Только папа шел провожать Руди на вокзал. Остальные столпились вокруг мальчика, обнимая его и целуя. Руди наклонился к младшей сестре и шепнул в самое ухо:
— Так держать, детка! Я на тебя рассчитываю.
Она кивнула, вцепилась в руку брата, не отпускала его, пусть не уходит, ну пожалуйста!
— И слушай пение, Анна, — внезапно произнес он, улыбнувшись на прощанье. — Что бы ни случилось.
Она поняла — брат напоминает ей про все их разговоры.
— Обязательно, обещаю, — крикнула она вдогонку, когда Руди уже уходил.

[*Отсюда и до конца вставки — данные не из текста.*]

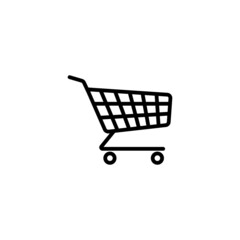 Food cart icon. Symbol of a grocery store or supermarket. Shop trolley. Black outline vector icon 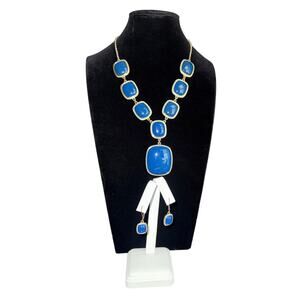 Vintage Monet Blue And Gold Tone Bib Statement Necklace With Matching Earrings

Лето было полно радостей и обычных забот. Но однажды в августе, жарким полднем, когда Анна стояла на пороге, доедая рожок с мороженым, пришла телеграмма.

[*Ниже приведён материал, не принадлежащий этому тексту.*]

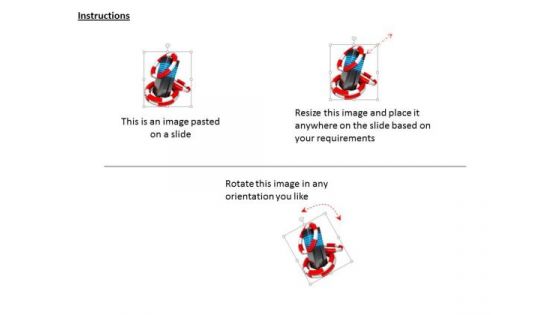 Stock Photo Three Lifesaver With Server For Data Protection PowerPoint Slide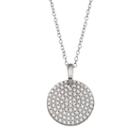 Qnotes Cubic Zirconia Sterling Silver Disc Pendant Necklace, Women's, Size: 18, White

Девочка из любопытства пошла за мальчиком-почтальоном, который положил велосипед и направился к двери дома. Из любопытства. Не из страха. С Руди же все в порядке, он на крейсере «Корнваллес», они еще не отправились к месту военных действий.
Гретхен расписалась за телеграмму и задумчиво вертела ее в руках. Адресована папе.
— Давай сбегаю в магазин, отнесу, — предложила Анна.
Скучный день, делать нечего, библиотека все равно закрыта. Телеграмма — хоть какое-то развлечение. Она предвкушала новости. Наверно, что-то произошло! Девочка торопилась по залитому солнцем тротуару. Может, тетя Таня? Нет, вряд ли. Слишком давно не было вестей.
А вдруг? Предположим… Она почти припустилась бегом. Должно быть, что-то случилось! Люди просто так телеграмм не посылают. Вдруг тетя Таня убежала из тюрьмы, тогда обязательно послала бы телеграмму — нет ничего быстрее!
Анна ворвалась в магазин с криком:
— Папа, телеграмма!
Папа спокойно подошел и взял из ее рук желтый листок бумаги. Анна уже открыла рот сказать: "Там, наверно, новости…" Нет, подожду, пусть папа сам прочтет.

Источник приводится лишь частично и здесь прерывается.